Barakat Adel Ahmed, all’epoca 45enne era residente a Mestre. Il 29 novembre 2001 la sua casa di Mestre, al civico 21 di via Costa, era stata perquisita dai poliziotti della Digos milanese arrivati in laguna perché indagavano su una cellula del «Gruppo salafita per la predicazione del combattimento», l'organizzazione algerina da tempo federata con «al Qaeda».

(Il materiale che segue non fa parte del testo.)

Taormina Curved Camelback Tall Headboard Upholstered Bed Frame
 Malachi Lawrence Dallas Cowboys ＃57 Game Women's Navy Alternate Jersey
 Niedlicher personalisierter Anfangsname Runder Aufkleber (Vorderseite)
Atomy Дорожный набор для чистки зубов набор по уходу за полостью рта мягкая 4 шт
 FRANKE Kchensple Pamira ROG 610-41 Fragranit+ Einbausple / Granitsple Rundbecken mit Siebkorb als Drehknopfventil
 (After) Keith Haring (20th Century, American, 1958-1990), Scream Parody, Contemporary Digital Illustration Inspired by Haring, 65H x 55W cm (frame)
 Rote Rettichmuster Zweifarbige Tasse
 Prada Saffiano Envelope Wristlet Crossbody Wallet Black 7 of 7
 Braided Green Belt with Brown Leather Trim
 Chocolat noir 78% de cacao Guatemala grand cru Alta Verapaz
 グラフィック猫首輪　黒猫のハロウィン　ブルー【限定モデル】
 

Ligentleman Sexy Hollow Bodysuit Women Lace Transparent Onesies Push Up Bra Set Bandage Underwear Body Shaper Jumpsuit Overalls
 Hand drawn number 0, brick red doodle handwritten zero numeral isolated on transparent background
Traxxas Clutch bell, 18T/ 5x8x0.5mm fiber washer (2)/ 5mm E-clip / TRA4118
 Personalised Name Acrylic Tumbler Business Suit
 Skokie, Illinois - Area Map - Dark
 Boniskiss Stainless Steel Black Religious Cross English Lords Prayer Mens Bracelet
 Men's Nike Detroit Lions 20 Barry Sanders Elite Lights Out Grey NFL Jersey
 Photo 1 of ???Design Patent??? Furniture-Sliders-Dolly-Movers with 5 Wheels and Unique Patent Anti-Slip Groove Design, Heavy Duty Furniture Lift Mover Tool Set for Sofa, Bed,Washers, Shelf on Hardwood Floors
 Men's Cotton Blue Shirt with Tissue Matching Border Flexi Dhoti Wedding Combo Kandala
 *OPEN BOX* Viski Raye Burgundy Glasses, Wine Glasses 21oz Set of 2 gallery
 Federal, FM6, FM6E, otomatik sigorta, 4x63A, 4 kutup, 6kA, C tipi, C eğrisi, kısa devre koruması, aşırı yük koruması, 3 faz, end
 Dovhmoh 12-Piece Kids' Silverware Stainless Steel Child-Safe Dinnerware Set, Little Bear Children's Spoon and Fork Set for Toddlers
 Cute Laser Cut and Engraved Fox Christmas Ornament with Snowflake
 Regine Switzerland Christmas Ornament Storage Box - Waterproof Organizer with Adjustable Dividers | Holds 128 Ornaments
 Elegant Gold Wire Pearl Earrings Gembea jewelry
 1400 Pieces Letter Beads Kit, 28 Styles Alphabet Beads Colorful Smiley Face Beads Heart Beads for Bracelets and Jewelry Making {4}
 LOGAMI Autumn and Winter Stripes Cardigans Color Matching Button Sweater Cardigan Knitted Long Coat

Barakat aveva ottenuto il permesso di soggiorno dalla questura milanese, poi si era trasferito a Mestre e aveva trovato lavoro come elettricista in una fabbrica di Marghera. A Milano ci andava spesso per i rinnovi del soggiorno, ma gli inquirenti vedevano che incontrava un amico algerino finito in carcere perché sospettato di far parte della cellula del Gspc. La perquisizione, però, aveva dato esito negativo. Un solo indizio, dopo l'11 settembre aveva spedito all'amico algerino un messaggio di congratulazioni. Troppo poco non solo per arrestarlo, ma pure per continuare a sottoporlo ad indagini. Dopo quella perquisizione l'egiziano aveva perso il lavoro e aveva anche cambiato casa. Prima di trovarne un'altra, in Riviera del Brenta, aveva dovuto arrangiarsi. Barakat si era rivolto ad un'agenzia per il lavoro interinale e grazie ad essa aveva trovato lavoro come addetto presso il Consorzio incaricato dalla Save delle pulizie dello scalo di Tessera e degli aerei. Aveva cominciato il nuovo lavoro il 2 settembre scorso, ma era durato appena una settimana perché dieci giorni dopo la polizia scoprì che Barakat ogni giorno entrava e usciva dall'aeroporto. Quindi è stato rispedito a casa.